● **What you need to do**: I need an exact copy of the lines from the one containing "エレファントリザ・プラエテルミサ (実生) 11" through the end of the records, without any pictures.
=== Section Start ===
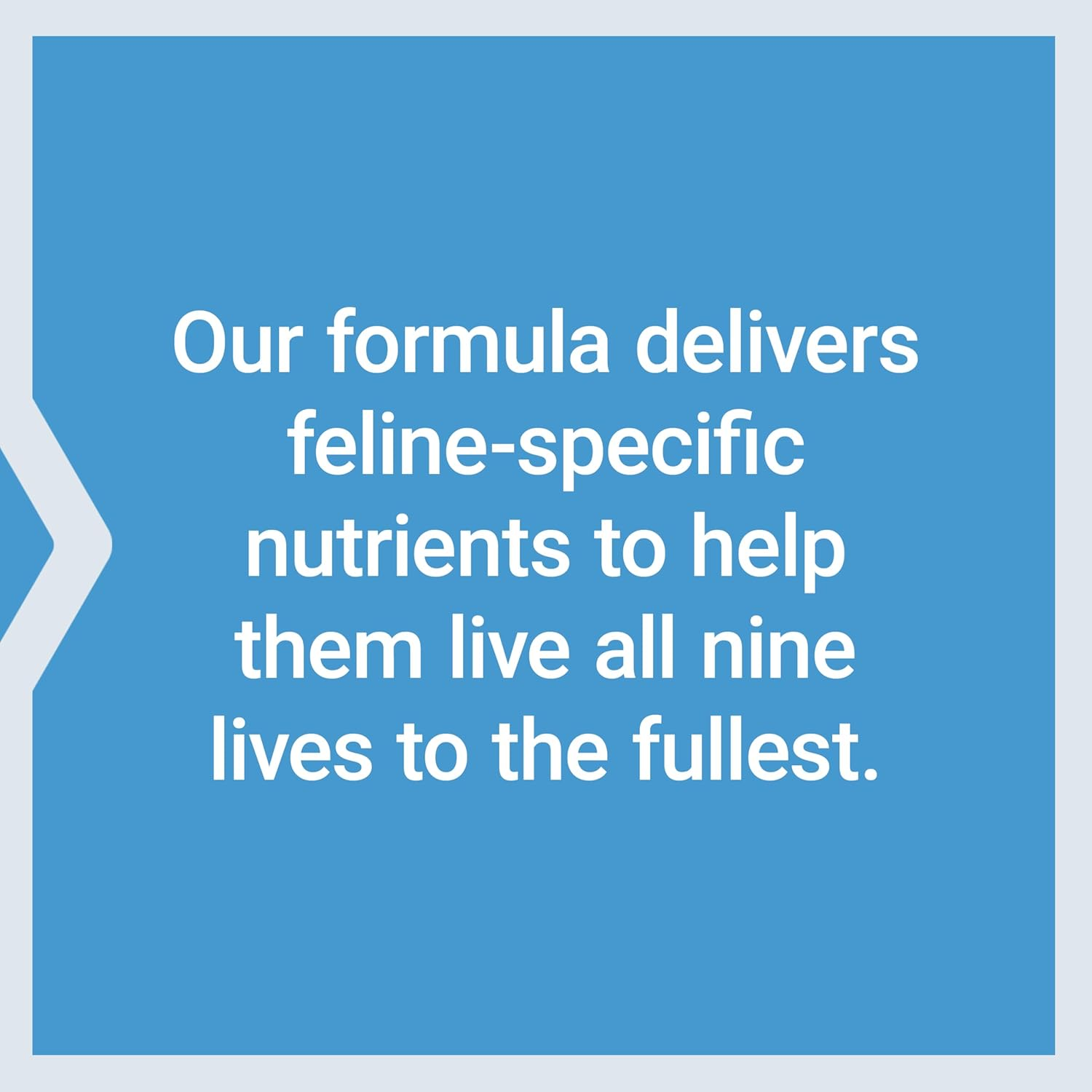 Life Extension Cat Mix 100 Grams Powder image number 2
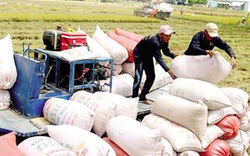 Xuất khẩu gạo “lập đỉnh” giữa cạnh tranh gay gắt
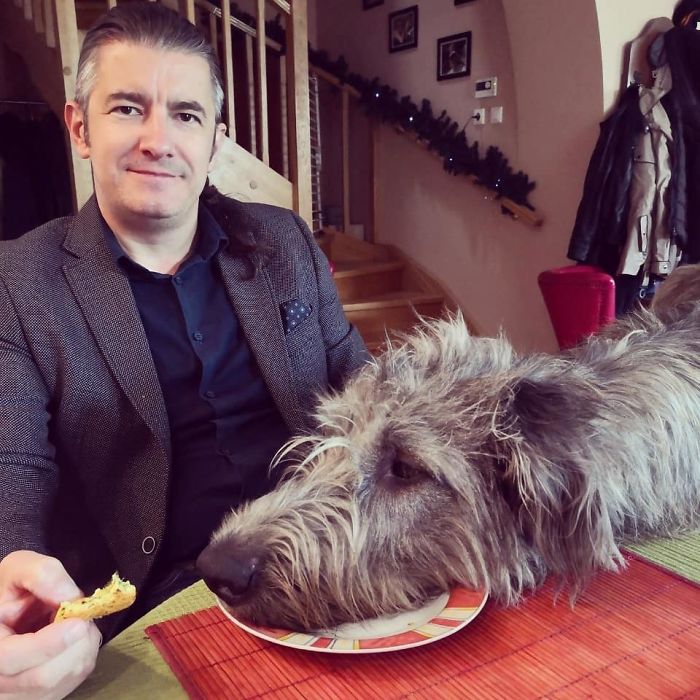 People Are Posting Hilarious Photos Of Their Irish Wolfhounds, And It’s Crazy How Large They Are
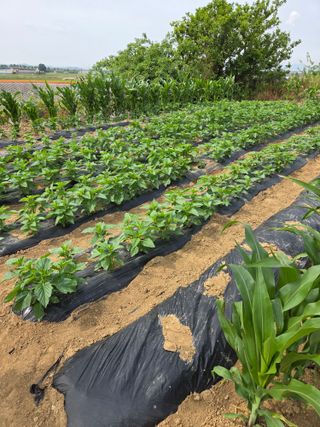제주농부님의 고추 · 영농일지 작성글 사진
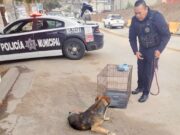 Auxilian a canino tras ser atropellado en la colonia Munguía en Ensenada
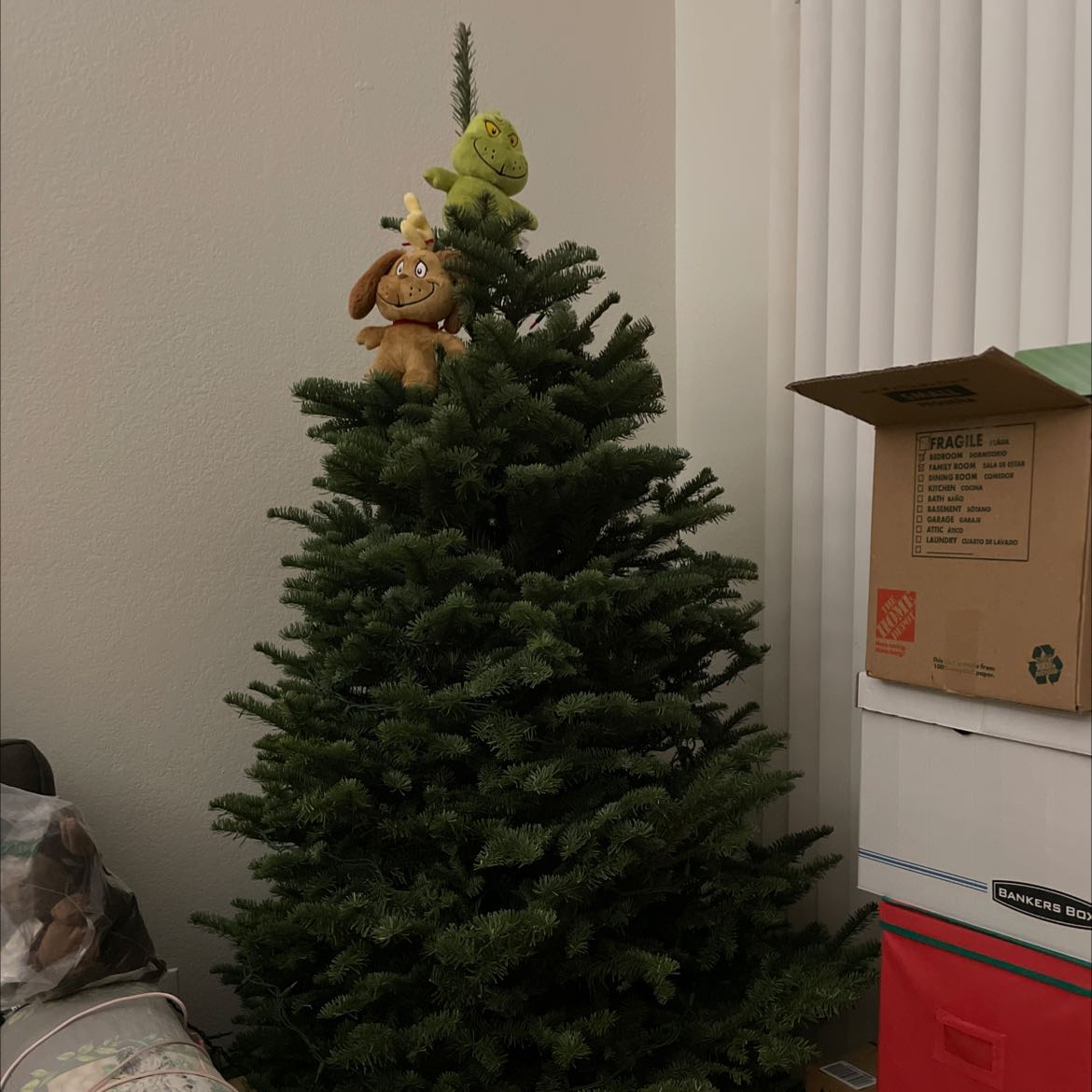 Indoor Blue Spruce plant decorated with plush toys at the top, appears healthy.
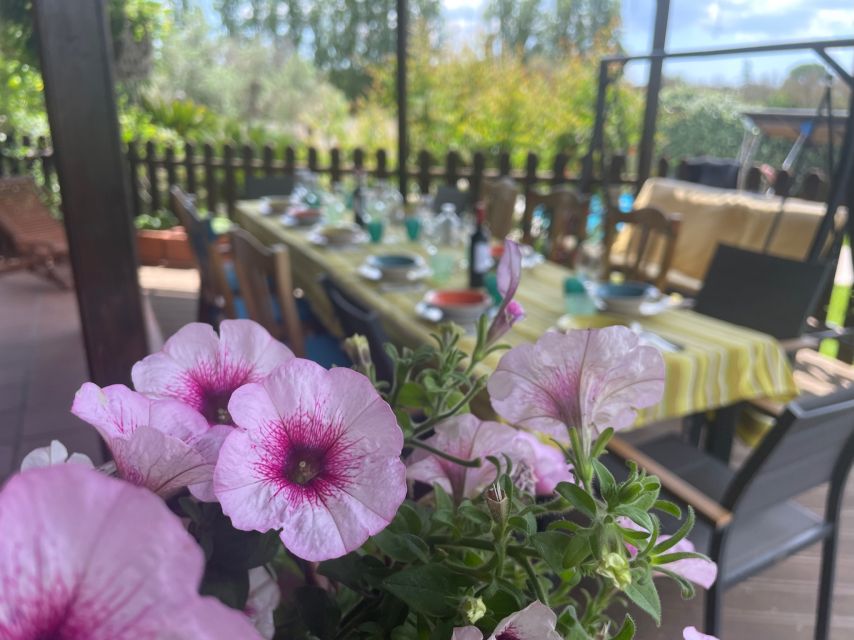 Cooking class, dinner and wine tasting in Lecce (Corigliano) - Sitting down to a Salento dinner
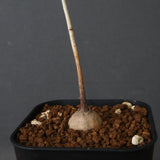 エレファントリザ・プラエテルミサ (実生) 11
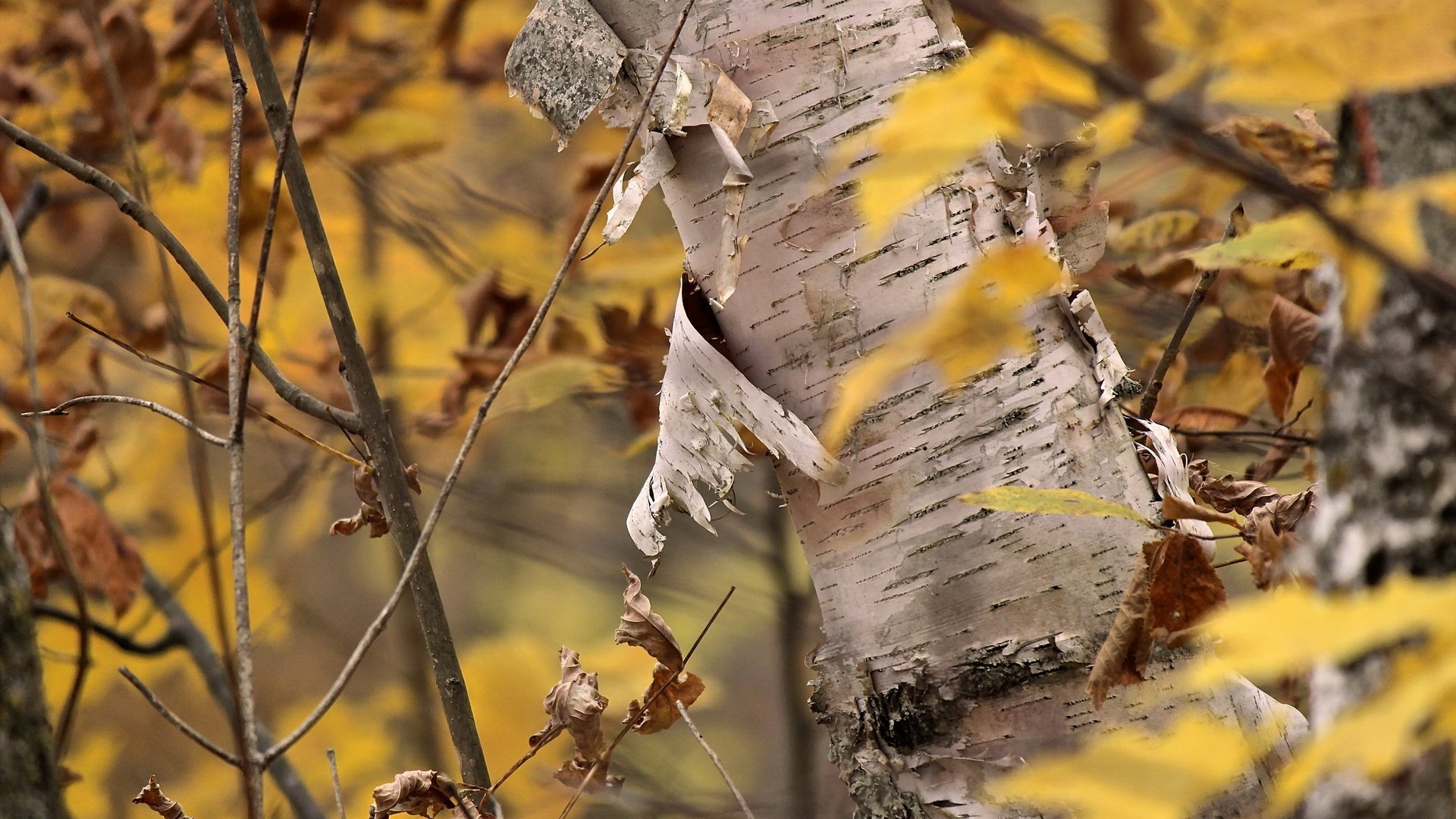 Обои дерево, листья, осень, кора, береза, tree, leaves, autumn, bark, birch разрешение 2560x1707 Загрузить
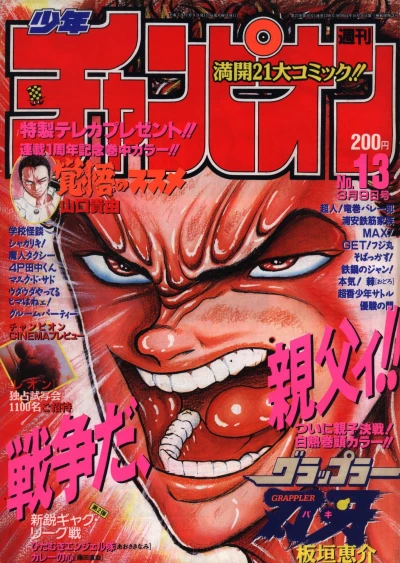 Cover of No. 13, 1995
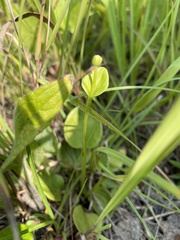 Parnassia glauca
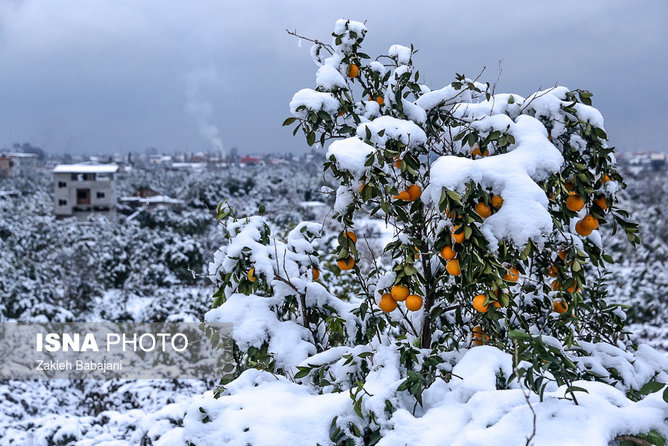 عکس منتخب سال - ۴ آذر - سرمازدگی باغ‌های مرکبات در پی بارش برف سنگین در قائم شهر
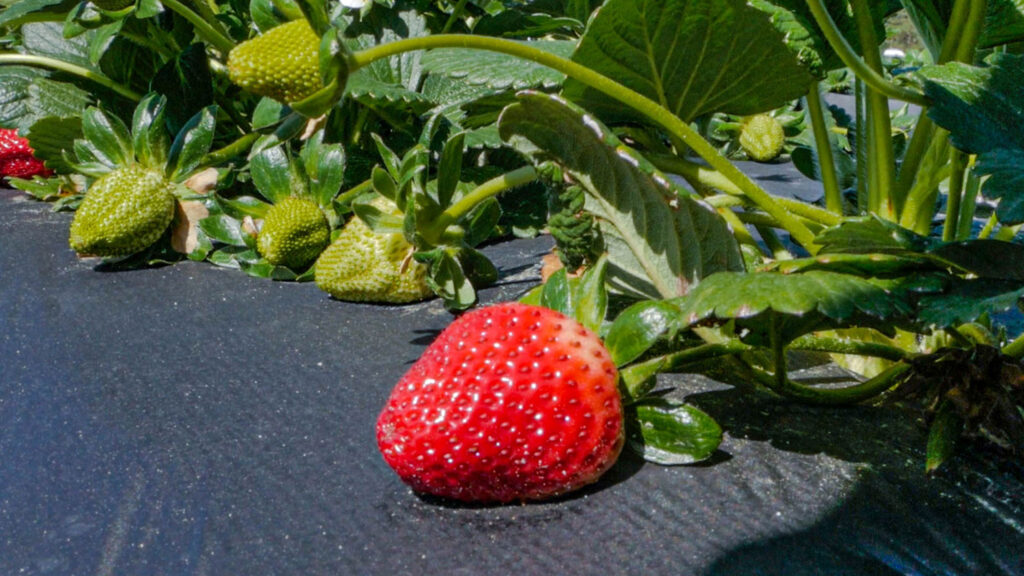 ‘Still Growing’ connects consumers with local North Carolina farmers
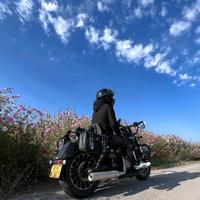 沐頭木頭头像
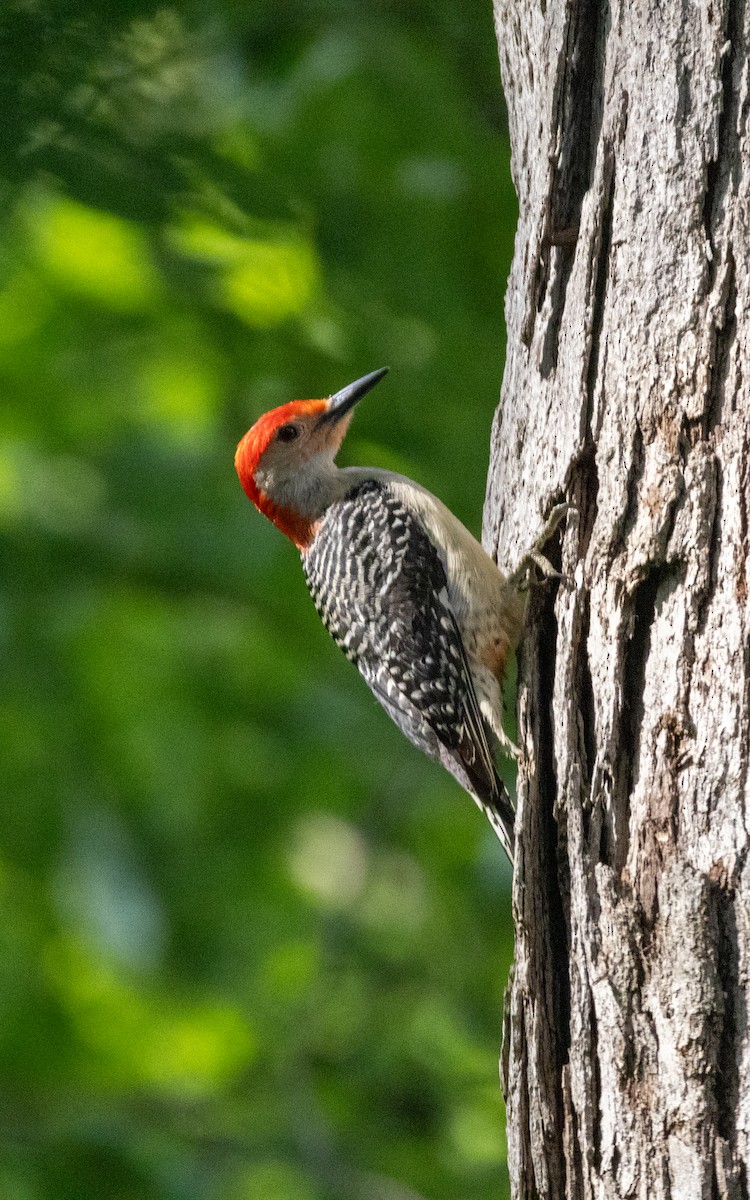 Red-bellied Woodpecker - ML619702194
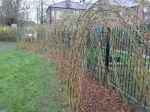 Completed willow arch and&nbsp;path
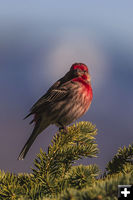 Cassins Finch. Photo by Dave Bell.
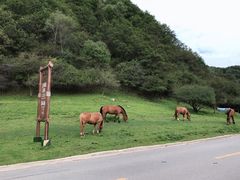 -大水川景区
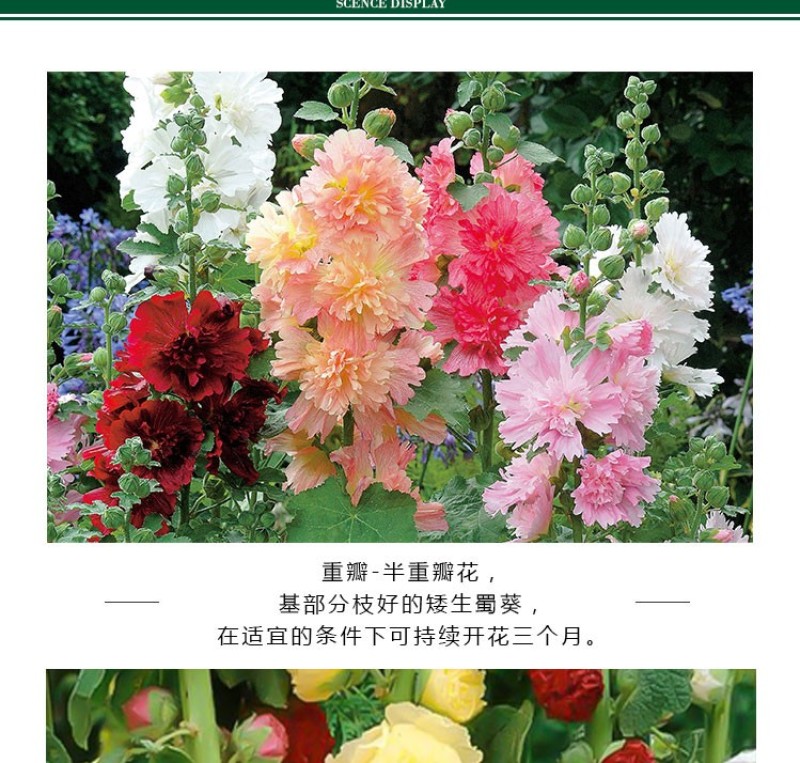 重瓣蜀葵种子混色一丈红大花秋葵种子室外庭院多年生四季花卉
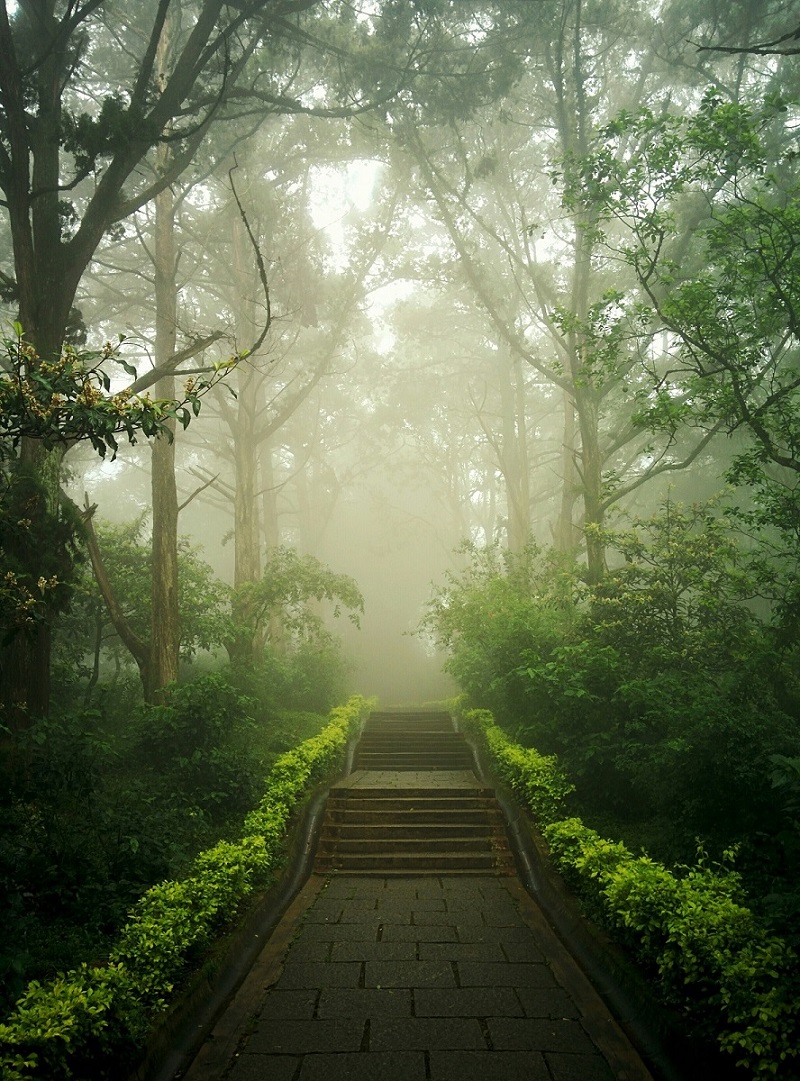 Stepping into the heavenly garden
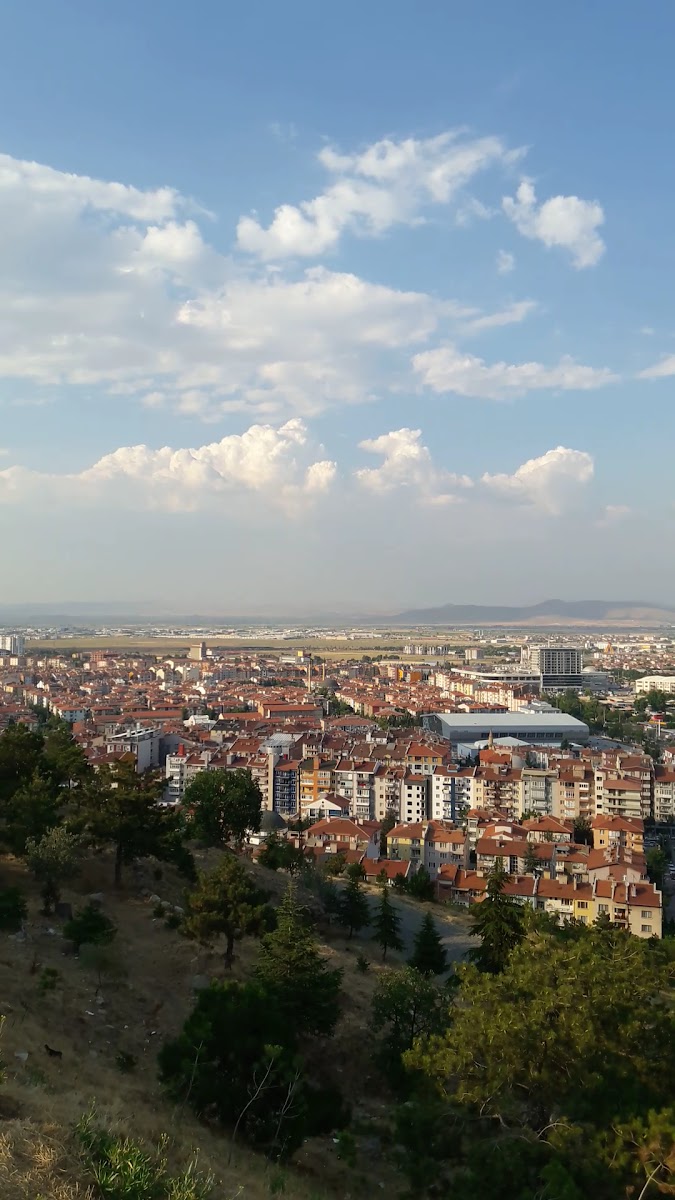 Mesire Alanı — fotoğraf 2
=== Section End ===
● **Your response**:
 エレファントリザ・プラエテルミサ (実生) 11
 Обои дерево, листья, осень, кора, береза, tree, leaves, autumn, bark, birch разрешение 2560x1707 Загрузить
 Cover of No. 13, 1995
 Parnassia glauca
 عکس منتخب سال - ۴ آذر - سرمازدگی باغ‌های مرکبات در پی بارش برف سنگین در قائم شهر
 ‘Still Growing’ connects consumers with local North Carolina farmers
 沐頭木頭头像
 Red-bellied Woodpecker - ML619702194
 Completed willow arch and&nbsp;path
 Cassins Finch. Photo by Dave Bell.
 -大水川景区
 重瓣蜀葵种子混色一丈红大花秋葵种子室外庭院多年生四季花卉
 Stepping into the heavenly garden
 Mesire Alanı — fotoğraf 2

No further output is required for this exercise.